(SUPPLIED DATA Opens)
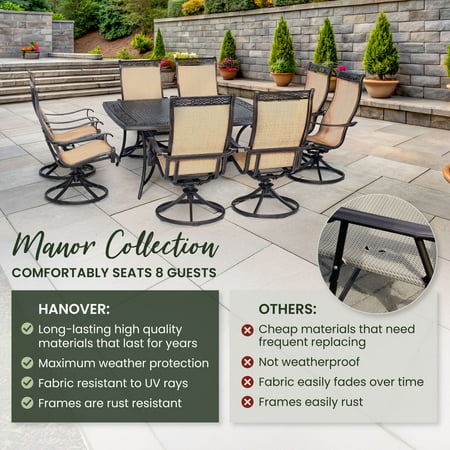 Hanover Manor 9-Piece Outdoor Patio Dining Set with 8 PVC Sling Swivel Rockers and Rust-Free Aluminum 60" Square Dining Table | MANDN9PCSWSQ-8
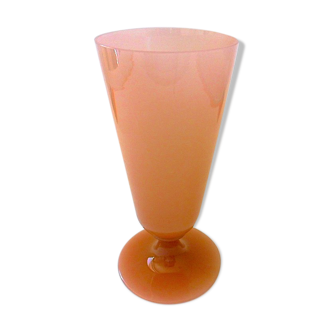 Ancient conical vase on pink soapy opaline feet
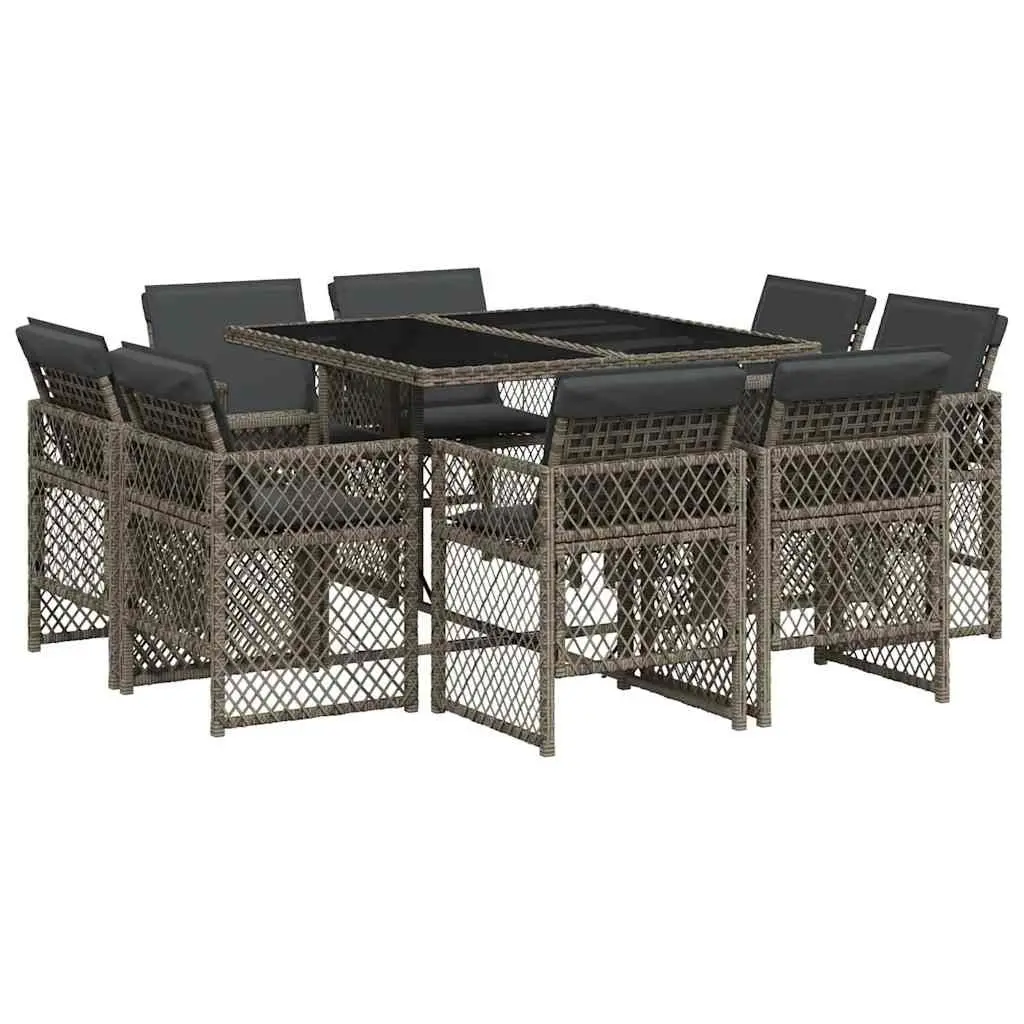 Garden Dining Set 9 Piece Grey Poly Rattan Outdoor Furniture Patio Table Chairs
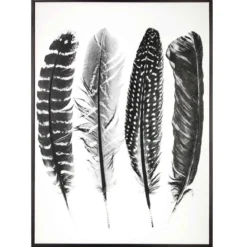 TOILE IMPRIMEE PLUMES 60X80CM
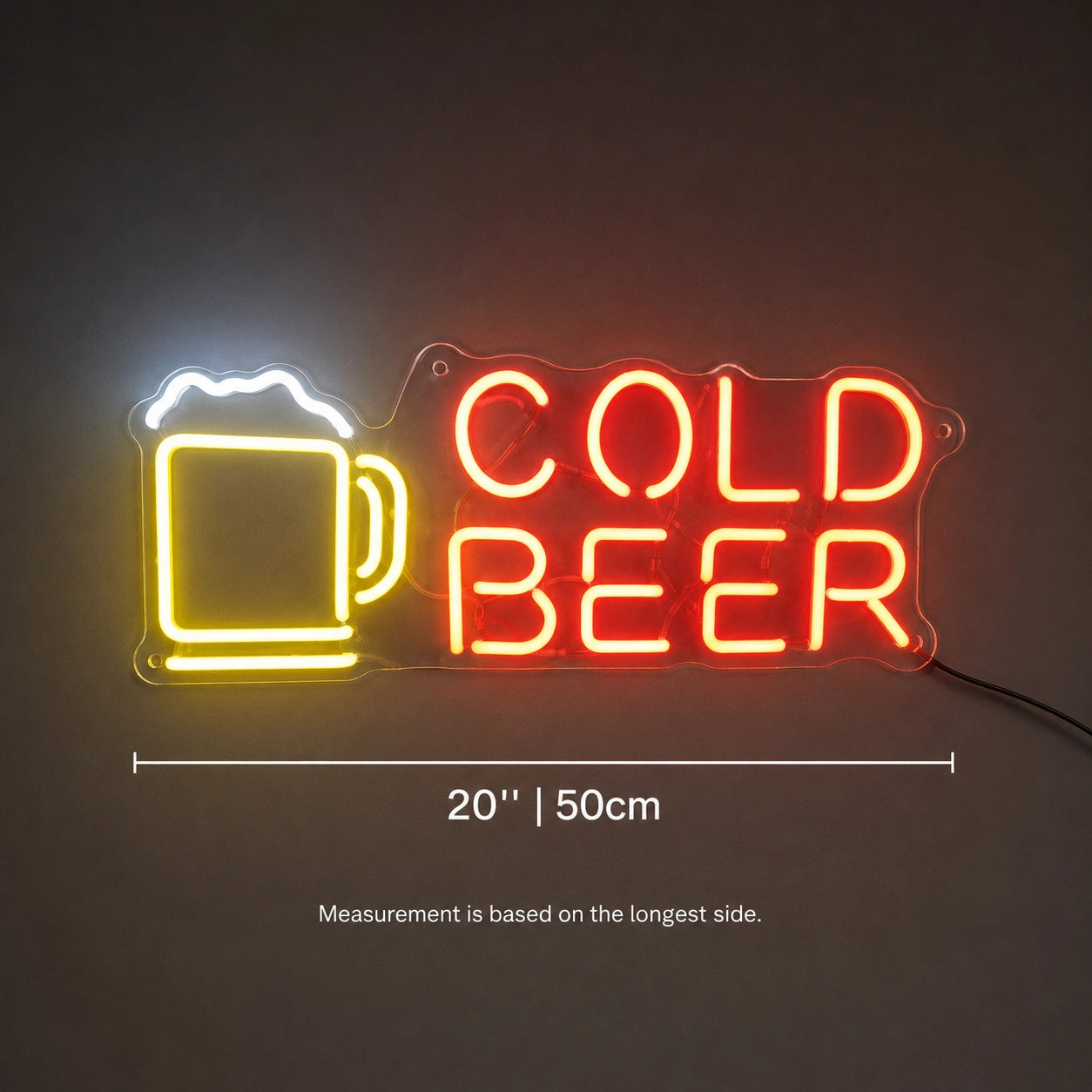 Cold Beer Mug Neon Sign LED Neon Sign size image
(SUPPLIED DATA Closes)
• [WHAT NEEDS TO BE DONE]
Copy out all the data exactly. No images belong in the copy.

• [RESPONSE TO THE TASK]
 Hanover Manor 9-Piece Outdoor Patio Dining Set with 8 PVC Sling Swivel Rockers and Rust-Free Aluminum 60" Square Dining Table | MANDN9PCSWSQ-8
 Ancient conical vase on pink soapy opaline feet
 Garden Dining Set 9 Piece Grey Poly Rattan Outdoor Furniture Patio Table Chairs
 TOILE IMPRIMEE PLUMES 60X80CM
 Cold Beer Mug Neon Sign LED Neon Sign size image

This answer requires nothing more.